Bail, also known as “judicial interim release,” refers to the system through which a person charged with a criminal offence can be released from custody while awaiting trial. It aligns with Section 11(e) of the Canadian Charter of Rights and Freedoms, which guarantees that individuals have the right not to be denied reasonable bail without just cause. The Supreme Court of Canada has emphasized that release should be the default, and detention should only occur in exceptional cases. After an arrest, the police can release the accused under conditions like a “Promise to Appear.” However, if the police choose not to release the person, Section 503 of the Criminal Code requires that they be brought before a judge within 24 hours or as soon as possible.

This is where judicial oversight comes into play. Unlike the police, whose role is to investigate and arrest, the judiciary ensures that the law and rights of the accused are upheld, including key protections under the Canadian Charter of Rights and Freedoms:

1. Presumption of innocence: Everyone is presumed innocent until proven guilty.

2. Right to reasonable bail: An accused person cannot be denied reasonable bail without just cause.

Key Considerations in a Bail Hearing

During a bail hearing, the court evaluates three main grounds to determine whether the accused should be released or remain in custody:

Primary Grounds: This refers to whether the accused is a flight risk—will they show up for future court appearances? The court may consider factors like the accused’s criminal record, immigration status, ties to the community, employment, or whether they turned themselves in voluntarily. Demonstrating strong community connections, such as property ownership or family ties, can reduce concerns about flight risk. Any criminal record must be carefully examined to show that it is either irrelevant, outdated, or minor in nature.

Secondary Grounds: This ground assesses the likelihood that the accused might commit further offences if released, which could endanger the public, including victims or witnesses. The court looks at the seriousness of the charges, the accused’s criminal history, any previous bail breaches, and the overall risk of reoffending. A strong supervision plan can help mitigate these concerns, especially if the accused has no prior record or has successfully complied with past bail conditions.

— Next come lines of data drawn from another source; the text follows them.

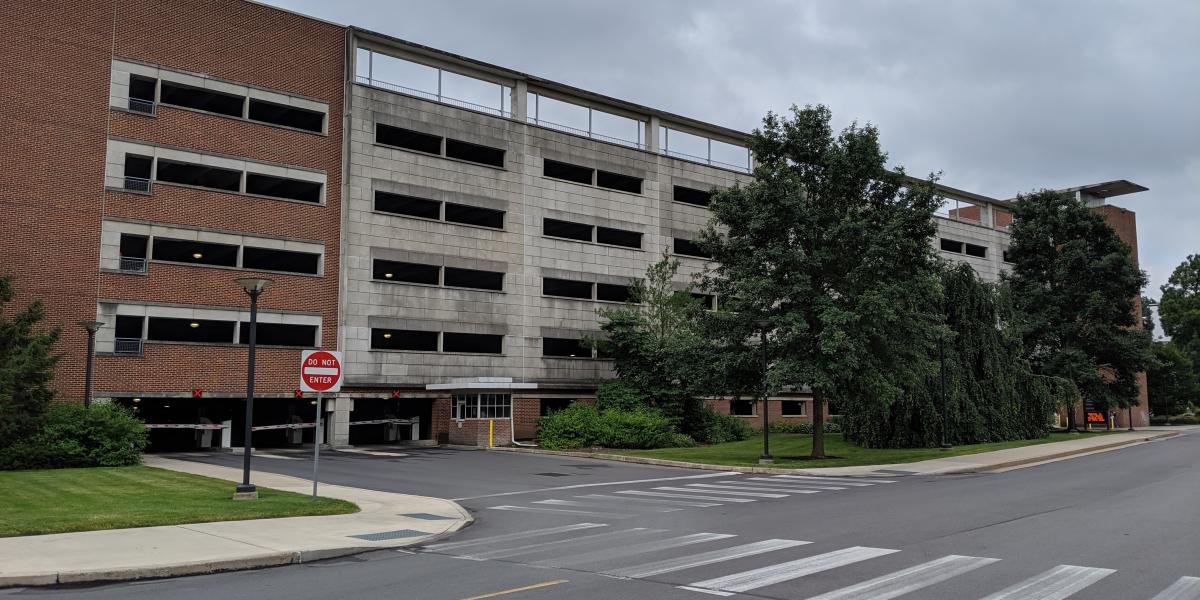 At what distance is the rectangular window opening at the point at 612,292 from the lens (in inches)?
1916

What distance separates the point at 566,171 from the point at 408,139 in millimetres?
9241

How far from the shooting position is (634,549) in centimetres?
1201

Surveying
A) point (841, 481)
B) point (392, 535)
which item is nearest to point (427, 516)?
point (392, 535)

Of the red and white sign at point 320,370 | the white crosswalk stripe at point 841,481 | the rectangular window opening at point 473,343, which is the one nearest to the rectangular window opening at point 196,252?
the rectangular window opening at point 473,343

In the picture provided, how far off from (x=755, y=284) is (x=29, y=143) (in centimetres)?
2847

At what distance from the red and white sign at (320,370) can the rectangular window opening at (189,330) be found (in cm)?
2270

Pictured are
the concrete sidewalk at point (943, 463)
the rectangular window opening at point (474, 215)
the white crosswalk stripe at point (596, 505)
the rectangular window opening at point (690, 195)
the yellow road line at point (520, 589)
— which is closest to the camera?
the yellow road line at point (520, 589)

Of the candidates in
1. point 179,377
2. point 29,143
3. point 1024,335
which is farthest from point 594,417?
point 1024,335

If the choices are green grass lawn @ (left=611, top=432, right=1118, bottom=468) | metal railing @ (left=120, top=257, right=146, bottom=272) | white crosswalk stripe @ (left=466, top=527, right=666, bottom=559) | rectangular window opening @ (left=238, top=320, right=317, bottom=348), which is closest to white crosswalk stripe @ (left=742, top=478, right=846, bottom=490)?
green grass lawn @ (left=611, top=432, right=1118, bottom=468)

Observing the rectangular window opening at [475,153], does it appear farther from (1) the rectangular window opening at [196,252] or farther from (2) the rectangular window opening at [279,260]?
(1) the rectangular window opening at [196,252]

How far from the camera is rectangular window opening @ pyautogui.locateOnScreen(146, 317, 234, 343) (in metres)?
36.4

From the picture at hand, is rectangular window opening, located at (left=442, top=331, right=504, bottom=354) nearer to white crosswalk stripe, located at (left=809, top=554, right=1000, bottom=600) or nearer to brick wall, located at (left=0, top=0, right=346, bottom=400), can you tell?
brick wall, located at (left=0, top=0, right=346, bottom=400)

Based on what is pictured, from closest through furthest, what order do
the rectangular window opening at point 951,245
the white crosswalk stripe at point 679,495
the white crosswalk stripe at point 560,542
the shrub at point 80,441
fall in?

Tertiary Grounds: These focus on maintaining public confidence in the justice system. The court considers the strength of the Crown’s case, the severity of the offence, the circumstances surrounding it (e.g., use of firearms), and the potential sentence if convicted. For serious crimes like drug trafficking or violent offences, the Crown may argue for detention under this ground. It is crucial to challenge any weaknesses in the prosecution’s case and emphasize where the offence falls on the spectrum of seriousness. Even if the charges are grave, a well-structured supervision plan can be proposed to argue that detention is unnecessary.

FAQs

Is a bail hearing required for everyone charged with a criminal offence?
No, not all individuals charged with a criminal offence require a bail hearing. In many cases, especially in Toronto, police may release the accused without a bail hearing. However, if there are concerns about identifying the accused, protecting evidence, preventing further crimes, or ensuring attendance in court, the police may hold them for a bail hearing.

What is the goal of a bail hearing?
The purpose of a bail hearing is to determine if the accused can be released from custody while awaiting trial. The judge evaluates factors like the likelihood of the accused attending court and whether they might commit new offences or damage public confidence if released.

How quickly does a bail hearing take place?
A bail hearing must occur within 24 hours of arrest or as soon as reasonably possible, depending on court availability.

 

How does the court decide whether to grant bail?
The court looks at whether the accused will attend future court appearances, the risk of further criminal behaviour, and the potential impact on public confidence if released. Generally, the Crown must prove why bail should be denied, but in serious cases like gun possession, the accused must show why they should be released.

What occurs during a bail hearing?
At a bail hearing, the court decides if the accused will be released before trial. The Crown presents the charges and reasons for either keeping the accused in custody or releasing them under conditions. If the Crown can’t justify detention, the accused will be released, and the hearing can be adjourned for further preparation.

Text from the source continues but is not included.